Hacer ese proceso retrospectivo donde por medio de fotos, videos o meros recuerdos rememoramos la vida pasada que nos sonreía o que nos golpeó por instancias, es tarea de verdaderos valientes. Recuerden el día de su graduación y las sonrisas que se le escapaban por los bellos momentos o por terminar el “martirio” de la escuela o la universidad. Recuerden ese cumpleaños donde estuvieron con quien realmente valía la pena estar. Recuerden los abrazos de los verdaderos amigos o de los seres que aman. Recuerden, recuerden y acto seguido cuenten y cuenten. La cuenta no acaba amigos, porque la materia que nunca deja de nutrirse es la vida.

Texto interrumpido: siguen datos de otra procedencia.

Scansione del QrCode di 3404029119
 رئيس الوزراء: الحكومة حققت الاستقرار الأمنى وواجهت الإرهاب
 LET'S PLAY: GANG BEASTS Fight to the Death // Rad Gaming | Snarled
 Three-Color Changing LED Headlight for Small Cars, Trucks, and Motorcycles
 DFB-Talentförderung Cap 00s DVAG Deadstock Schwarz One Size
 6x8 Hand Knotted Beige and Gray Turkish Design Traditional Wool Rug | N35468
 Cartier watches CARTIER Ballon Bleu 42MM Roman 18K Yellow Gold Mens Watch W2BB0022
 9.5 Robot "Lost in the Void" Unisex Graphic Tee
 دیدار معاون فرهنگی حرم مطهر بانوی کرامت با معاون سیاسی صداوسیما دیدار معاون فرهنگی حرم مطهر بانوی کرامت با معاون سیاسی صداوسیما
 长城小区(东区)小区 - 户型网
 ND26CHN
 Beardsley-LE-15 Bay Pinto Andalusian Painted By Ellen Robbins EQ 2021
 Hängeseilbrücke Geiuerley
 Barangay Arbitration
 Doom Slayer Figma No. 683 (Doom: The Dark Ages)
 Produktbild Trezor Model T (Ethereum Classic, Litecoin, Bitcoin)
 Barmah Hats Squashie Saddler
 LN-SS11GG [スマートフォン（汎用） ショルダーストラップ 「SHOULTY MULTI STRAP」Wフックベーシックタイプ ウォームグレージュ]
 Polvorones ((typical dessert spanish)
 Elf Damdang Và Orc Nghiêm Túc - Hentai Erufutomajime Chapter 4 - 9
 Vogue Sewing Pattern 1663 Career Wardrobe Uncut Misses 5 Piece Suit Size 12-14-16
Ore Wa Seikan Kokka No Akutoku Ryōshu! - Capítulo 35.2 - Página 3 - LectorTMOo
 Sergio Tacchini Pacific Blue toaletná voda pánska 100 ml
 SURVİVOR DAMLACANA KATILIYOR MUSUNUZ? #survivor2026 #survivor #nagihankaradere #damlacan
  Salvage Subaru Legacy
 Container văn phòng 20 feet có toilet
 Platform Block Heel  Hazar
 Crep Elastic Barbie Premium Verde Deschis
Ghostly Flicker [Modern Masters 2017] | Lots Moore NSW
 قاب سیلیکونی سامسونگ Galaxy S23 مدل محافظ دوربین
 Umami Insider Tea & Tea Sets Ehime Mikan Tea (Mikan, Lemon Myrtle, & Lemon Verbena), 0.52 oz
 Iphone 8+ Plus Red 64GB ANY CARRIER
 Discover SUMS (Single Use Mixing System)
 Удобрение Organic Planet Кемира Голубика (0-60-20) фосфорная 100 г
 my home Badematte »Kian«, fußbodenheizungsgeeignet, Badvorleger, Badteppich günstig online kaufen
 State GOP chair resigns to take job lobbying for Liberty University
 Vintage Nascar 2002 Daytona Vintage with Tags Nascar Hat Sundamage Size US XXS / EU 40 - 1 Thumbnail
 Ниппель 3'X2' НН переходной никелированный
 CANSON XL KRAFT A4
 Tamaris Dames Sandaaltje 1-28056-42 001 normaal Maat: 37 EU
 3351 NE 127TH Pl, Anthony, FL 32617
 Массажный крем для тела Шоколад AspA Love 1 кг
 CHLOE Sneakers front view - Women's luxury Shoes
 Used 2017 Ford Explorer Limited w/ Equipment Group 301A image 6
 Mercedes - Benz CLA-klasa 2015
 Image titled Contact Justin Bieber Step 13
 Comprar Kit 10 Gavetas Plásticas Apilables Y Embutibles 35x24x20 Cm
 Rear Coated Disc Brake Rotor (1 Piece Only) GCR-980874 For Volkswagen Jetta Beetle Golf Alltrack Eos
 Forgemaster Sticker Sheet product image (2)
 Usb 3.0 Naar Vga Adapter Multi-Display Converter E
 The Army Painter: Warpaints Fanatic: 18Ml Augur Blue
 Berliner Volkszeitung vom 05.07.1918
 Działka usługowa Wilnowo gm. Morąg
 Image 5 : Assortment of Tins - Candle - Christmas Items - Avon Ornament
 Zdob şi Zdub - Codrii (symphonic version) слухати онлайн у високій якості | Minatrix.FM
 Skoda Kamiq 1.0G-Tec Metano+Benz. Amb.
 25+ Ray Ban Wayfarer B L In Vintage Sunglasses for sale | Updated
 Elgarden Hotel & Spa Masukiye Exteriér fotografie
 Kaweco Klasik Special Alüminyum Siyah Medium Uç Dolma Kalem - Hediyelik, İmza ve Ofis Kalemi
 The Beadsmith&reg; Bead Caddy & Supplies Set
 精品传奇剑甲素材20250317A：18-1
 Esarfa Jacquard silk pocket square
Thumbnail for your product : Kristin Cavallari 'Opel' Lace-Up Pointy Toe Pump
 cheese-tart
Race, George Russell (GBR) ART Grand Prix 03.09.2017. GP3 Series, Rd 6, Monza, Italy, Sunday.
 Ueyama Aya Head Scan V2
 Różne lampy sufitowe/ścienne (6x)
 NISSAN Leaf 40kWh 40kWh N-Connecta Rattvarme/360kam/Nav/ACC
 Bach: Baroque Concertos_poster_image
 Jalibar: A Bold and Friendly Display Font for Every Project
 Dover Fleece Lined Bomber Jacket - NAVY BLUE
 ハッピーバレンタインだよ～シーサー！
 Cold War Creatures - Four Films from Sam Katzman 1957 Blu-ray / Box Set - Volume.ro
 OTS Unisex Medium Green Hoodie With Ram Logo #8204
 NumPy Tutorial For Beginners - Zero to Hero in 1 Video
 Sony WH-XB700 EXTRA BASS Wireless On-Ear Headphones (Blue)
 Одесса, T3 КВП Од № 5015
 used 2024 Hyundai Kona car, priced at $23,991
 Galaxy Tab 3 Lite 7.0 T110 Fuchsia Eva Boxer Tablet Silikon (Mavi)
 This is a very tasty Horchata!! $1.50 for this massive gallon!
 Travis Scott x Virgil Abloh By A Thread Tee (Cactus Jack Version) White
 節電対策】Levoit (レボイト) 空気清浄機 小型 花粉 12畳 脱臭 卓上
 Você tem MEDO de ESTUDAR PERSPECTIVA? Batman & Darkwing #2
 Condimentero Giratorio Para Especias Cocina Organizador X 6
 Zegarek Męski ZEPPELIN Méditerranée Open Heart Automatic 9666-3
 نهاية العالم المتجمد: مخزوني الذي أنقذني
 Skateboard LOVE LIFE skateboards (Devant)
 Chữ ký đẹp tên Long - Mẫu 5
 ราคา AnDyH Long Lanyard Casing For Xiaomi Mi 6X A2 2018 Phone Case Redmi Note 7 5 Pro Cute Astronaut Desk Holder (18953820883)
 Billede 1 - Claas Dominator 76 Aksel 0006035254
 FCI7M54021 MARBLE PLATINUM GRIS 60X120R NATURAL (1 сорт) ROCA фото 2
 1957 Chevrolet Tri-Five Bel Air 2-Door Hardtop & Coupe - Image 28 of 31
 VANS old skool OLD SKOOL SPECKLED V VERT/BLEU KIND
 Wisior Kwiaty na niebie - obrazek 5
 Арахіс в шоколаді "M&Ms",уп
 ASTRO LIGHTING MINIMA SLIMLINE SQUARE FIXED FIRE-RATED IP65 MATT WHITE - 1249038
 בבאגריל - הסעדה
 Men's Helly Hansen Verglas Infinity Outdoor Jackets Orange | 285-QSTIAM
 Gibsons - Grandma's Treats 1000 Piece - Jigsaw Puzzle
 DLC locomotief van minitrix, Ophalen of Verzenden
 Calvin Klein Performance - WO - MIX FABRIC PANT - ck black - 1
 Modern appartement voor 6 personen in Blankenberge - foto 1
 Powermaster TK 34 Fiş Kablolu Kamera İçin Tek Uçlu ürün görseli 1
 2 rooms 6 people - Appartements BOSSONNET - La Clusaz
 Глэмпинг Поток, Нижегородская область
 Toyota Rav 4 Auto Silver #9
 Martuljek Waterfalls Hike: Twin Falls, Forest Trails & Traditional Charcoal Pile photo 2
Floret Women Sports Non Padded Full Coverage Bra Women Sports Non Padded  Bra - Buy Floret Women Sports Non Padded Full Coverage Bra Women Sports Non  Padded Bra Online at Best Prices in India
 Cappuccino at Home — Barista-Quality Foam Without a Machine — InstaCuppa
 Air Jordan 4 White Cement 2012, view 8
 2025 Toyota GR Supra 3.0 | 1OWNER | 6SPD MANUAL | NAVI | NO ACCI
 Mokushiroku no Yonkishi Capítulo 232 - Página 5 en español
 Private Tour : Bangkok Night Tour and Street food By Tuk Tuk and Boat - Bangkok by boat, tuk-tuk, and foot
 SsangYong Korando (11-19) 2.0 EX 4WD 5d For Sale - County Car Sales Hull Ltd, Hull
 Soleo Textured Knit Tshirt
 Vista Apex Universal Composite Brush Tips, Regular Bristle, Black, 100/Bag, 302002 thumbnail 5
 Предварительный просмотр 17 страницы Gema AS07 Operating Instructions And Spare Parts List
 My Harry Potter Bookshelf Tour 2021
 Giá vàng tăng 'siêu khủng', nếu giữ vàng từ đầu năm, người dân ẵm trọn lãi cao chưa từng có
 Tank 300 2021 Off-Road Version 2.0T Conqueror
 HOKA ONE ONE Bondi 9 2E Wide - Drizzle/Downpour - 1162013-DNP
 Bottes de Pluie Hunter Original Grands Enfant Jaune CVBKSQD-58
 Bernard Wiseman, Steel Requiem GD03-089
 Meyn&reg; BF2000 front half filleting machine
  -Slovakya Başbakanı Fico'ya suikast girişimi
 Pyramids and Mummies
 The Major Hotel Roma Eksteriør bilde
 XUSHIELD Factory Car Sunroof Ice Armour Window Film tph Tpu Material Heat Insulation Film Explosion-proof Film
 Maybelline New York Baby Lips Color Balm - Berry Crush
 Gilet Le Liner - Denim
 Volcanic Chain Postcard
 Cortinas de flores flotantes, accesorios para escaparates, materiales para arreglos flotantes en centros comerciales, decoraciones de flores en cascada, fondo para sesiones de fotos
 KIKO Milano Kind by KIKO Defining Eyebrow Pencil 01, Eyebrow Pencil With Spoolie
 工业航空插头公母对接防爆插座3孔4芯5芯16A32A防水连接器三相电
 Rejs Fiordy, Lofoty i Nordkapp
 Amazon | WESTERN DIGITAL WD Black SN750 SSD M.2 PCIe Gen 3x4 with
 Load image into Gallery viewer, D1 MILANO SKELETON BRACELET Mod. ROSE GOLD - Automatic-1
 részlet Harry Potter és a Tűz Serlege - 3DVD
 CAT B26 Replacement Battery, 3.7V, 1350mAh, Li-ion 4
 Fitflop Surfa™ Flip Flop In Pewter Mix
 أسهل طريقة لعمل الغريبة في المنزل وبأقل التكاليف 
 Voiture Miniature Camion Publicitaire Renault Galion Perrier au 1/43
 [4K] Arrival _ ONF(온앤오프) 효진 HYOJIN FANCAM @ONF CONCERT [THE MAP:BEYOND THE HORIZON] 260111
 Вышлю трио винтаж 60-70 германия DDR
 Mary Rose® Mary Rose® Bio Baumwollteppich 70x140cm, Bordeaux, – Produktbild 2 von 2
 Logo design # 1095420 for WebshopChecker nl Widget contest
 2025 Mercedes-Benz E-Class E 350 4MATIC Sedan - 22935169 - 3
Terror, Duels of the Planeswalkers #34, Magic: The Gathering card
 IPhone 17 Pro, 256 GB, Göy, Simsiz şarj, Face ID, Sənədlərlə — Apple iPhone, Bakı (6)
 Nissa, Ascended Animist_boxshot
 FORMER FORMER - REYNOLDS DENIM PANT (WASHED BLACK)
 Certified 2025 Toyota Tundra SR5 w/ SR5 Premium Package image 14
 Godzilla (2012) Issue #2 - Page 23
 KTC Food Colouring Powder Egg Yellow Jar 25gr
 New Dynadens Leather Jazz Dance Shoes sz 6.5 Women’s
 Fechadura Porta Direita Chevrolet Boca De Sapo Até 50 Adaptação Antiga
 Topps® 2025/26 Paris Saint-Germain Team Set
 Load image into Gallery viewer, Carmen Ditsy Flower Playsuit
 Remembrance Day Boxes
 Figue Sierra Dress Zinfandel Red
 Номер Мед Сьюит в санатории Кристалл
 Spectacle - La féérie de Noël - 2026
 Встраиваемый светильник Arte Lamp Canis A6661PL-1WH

Y si se les hace difícil recordar esos momentos felices, reconozcan las lecciones de los tristes. Reconozcan que ahora son más fuertes. Reconozcan que aunque pensaban no sobrevivir la pérdida de un familiar o de un gran amor, al sol de hoy están vivos. Reconozcan que desde aquel accidente o evento que por siempre les marcó ahora saben que hay cosas pequeñas que vale la pena apreciar antes de quejarse tanto. Reconozcan, reconozcan y acto seguido cuenten y cuenten, que la vida es mejor cuando observamos con optimismo.
Les invito a hacer una lista de esas cosas maravillosas que tienen, que les ha regalado Dios, el Universo, el Destino, o a quien se lo quieran atribuir. Cuando terminen con el ahora arduo proceso mental, coloquen la lista en un lugar que sea de fácil acceso en esos días en que recordamos, reconocemos y contamos sólo las amarguras, el sabor discordante dentro de la receta de la vida. Cuando vean la lista, les aseguro que, mientras bajen número tras número, sus razones para sonreír se irán multiplicando como parecían multiplicarse las razones para estar triste, molesto o apenados hace minutos atrás.
Serán testigos de que el juego de contar nunca acaba y más cuando cuentan bendiciones, momentos felices por pequeños que sean o lecciones aprendidas. De ahora en adelante quiero que empiecen a contar conmigo para que se nos empalague la existencia y podemos disfrutar el lado dulce de la agridulce receta de la vida. ¡A contar!